- **TASK**
Look through the entries below and extract exactly the lines from the one containing "Introducing the two-ton" through the one containing "We have some", ends included.

-- ENTRIES SUPPLIED follows --

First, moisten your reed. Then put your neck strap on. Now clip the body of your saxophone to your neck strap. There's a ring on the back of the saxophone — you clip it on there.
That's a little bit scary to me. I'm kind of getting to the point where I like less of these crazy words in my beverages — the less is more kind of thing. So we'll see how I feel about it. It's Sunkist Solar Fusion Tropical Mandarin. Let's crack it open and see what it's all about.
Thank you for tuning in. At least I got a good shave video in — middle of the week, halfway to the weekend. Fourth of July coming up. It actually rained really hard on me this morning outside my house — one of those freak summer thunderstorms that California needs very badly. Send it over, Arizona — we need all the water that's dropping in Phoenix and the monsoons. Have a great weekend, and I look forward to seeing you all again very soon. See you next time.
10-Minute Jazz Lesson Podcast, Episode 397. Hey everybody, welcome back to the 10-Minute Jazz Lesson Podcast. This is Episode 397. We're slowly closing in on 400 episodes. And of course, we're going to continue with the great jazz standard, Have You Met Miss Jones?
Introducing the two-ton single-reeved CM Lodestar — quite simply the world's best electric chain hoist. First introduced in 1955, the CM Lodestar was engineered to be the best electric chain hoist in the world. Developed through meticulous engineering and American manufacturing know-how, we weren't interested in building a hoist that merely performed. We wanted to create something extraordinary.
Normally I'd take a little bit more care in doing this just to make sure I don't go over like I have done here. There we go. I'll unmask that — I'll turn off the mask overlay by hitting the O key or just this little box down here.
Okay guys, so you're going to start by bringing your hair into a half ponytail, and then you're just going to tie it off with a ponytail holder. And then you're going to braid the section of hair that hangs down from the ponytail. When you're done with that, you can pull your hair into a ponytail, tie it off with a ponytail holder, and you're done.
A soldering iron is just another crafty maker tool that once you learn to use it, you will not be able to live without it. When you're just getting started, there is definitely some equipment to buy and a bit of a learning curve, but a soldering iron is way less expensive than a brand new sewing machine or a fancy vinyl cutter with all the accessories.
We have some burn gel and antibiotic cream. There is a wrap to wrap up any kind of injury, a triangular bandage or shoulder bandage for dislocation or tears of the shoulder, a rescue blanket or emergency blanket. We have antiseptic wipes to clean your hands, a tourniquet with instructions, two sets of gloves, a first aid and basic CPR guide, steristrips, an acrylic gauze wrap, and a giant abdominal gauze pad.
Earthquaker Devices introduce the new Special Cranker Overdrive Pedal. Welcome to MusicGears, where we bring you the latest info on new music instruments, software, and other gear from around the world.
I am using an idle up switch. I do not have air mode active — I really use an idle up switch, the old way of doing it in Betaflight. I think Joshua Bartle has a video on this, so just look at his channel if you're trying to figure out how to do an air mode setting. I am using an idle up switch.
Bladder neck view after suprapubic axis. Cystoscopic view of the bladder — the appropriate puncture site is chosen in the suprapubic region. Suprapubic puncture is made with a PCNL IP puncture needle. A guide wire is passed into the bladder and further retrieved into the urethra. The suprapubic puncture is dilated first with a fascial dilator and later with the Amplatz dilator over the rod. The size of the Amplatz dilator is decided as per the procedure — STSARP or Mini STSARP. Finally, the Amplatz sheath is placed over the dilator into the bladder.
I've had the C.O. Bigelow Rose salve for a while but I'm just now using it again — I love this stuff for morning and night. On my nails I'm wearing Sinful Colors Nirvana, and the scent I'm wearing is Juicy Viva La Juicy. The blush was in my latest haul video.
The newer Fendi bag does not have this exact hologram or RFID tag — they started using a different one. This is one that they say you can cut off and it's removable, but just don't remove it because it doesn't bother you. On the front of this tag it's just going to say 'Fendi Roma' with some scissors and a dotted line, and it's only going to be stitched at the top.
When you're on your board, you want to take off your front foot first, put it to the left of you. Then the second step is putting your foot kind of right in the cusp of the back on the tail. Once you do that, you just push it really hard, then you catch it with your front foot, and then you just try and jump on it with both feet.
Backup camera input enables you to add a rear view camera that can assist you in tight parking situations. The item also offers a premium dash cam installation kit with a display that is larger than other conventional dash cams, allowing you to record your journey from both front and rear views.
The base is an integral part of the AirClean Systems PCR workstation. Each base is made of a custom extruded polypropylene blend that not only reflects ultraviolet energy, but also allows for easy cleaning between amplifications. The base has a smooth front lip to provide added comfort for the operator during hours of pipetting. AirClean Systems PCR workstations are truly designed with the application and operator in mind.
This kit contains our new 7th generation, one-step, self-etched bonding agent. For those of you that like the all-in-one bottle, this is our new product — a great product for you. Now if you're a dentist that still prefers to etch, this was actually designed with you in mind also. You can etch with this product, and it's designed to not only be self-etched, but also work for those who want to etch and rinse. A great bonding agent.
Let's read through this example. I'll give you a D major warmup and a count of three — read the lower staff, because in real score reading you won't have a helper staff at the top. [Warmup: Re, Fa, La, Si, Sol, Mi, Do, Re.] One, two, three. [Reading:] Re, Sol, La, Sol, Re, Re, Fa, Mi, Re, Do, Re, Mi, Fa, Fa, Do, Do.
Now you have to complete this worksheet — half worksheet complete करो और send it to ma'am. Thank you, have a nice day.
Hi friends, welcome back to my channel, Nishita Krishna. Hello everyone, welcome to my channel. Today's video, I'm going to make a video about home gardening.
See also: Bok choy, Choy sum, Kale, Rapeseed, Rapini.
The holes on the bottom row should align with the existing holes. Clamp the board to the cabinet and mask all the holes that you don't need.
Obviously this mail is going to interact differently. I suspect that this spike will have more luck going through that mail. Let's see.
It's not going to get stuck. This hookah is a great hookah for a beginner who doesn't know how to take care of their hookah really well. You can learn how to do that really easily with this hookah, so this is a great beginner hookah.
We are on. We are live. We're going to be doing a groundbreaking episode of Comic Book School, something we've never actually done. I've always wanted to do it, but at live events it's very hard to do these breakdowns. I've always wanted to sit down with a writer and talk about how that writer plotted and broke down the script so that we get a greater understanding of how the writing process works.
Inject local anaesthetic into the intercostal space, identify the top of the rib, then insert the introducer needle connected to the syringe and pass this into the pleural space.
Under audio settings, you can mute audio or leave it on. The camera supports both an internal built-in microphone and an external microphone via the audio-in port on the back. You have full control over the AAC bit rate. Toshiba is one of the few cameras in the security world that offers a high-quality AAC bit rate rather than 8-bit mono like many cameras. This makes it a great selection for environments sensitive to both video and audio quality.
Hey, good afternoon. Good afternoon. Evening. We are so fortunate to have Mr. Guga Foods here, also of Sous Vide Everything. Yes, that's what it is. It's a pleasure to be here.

-- ENTRIES SUPPLIED concluded --

- **TASK ANSWER**
Introducing the two-ton single-reeved CM Lodestar — quite simply the world's best electric chain hoist. First introduced in 1955, the CM Lodestar was engineered to be the best electric chain hoist in the world. Developed through meticulous engineering and American manufacturing know-how, we weren't interested in building a hoist that merely performed. We wanted to create something extraordinary.
Normally I'd take a little bit more care in doing this just to make sure I don't go over like I have done here. There we go. I'll unmask that — I'll turn off the mask overlay by hitting the O key or just this little box down here.
Okay guys, so you're going to start by bringing your hair into a half ponytail, and then you're just going to tie it off with a ponytail holder. And then you're going to braid the section of hair that hangs down from the ponytail. When you're done with that, you can pull your hair into a ponytail, tie it off with a ponytail holder, and you're done.
A soldering iron is just another crafty maker tool that once you learn to use it, you will not be able to live without it. When you're just getting started, there is definitely some equipment to buy and a bit of a learning curve, but a soldering iron is way less expensive than a brand new sewing machine or a fancy vinyl cutter with all the accessories.
We have some burn gel and antibiotic cream. There is a wrap to wrap up any kind of injury, a triangular bandage or shoulder bandage for dislocation or tears of the shoulder, a rescue blanket or emergency blanket. We have antiseptic wipes to clean your hands, a tourniquet with instructions, two sets of gloves, a first aid and basic CPR guide, steristrips, an acrylic gauze wrap, and a giant abdominal gauze pad.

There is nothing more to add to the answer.